--- DATASET RECORDS Enclosed Below ---

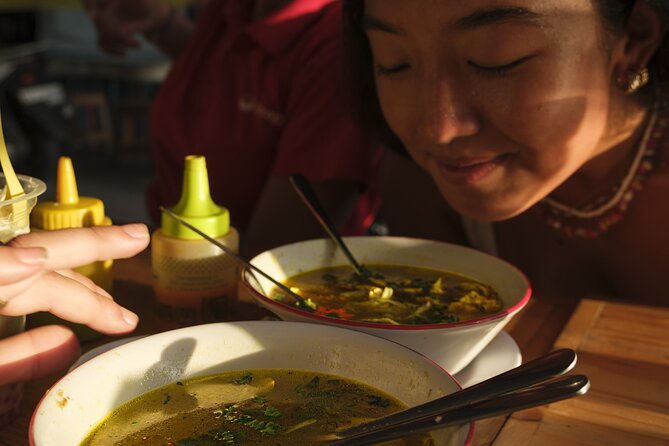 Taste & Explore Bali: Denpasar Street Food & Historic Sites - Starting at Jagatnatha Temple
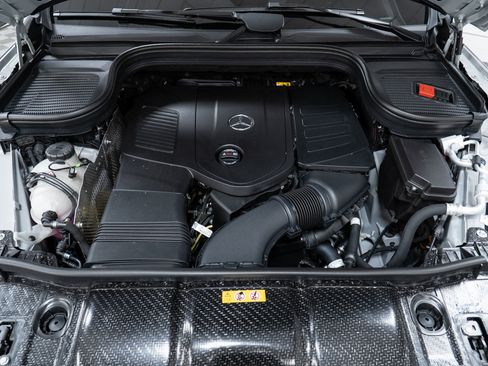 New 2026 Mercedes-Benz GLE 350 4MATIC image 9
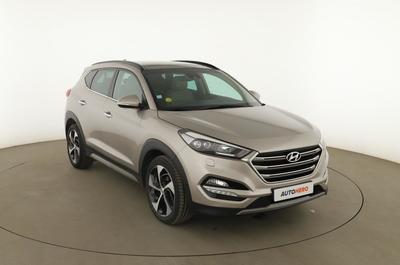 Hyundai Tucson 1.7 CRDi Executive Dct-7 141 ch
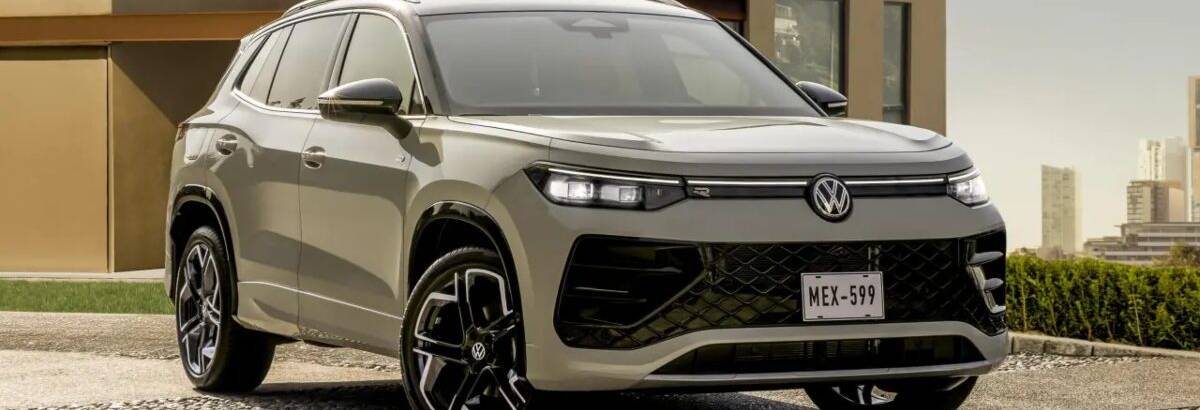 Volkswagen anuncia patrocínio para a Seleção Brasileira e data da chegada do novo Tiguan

--- End of Enclosed DATASET RECORDS ---
--- DATASET RECORDS Enclosed Below ---

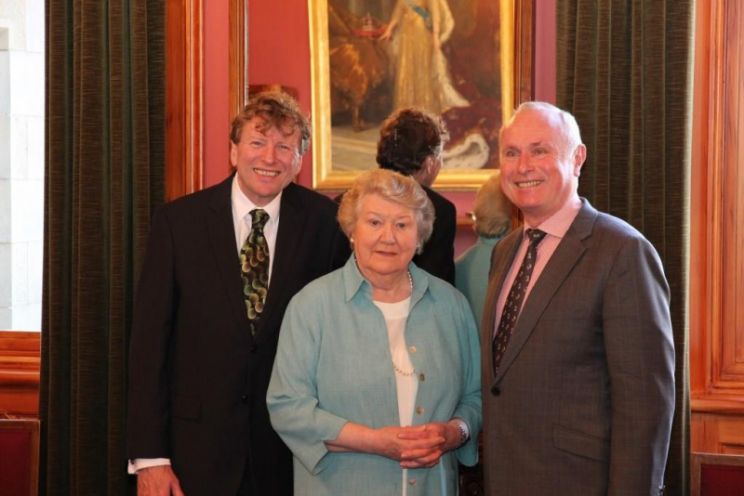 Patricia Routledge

--- End of Enclosed DATASET RECORDS ---

§ EXERCISE
In the data above, take the line with "Taste & Explore", the line with "Volkswagen anuncia patrocínio", and every line between, and set them down exactly without pictures.

§ RESPONSE
 Taste & Explore Bali: Denpasar Street Food & Historic Sites - Starting at Jagatnatha Temple
 New 2026 Mercedes-Benz GLE 350 4MATIC image 9
 Hyundai Tucson 1.7 CRDi Executive Dct-7 141 ch
 Volkswagen anuncia patrocínio para a Seleção Brasileira e data da chegada do novo Tiguan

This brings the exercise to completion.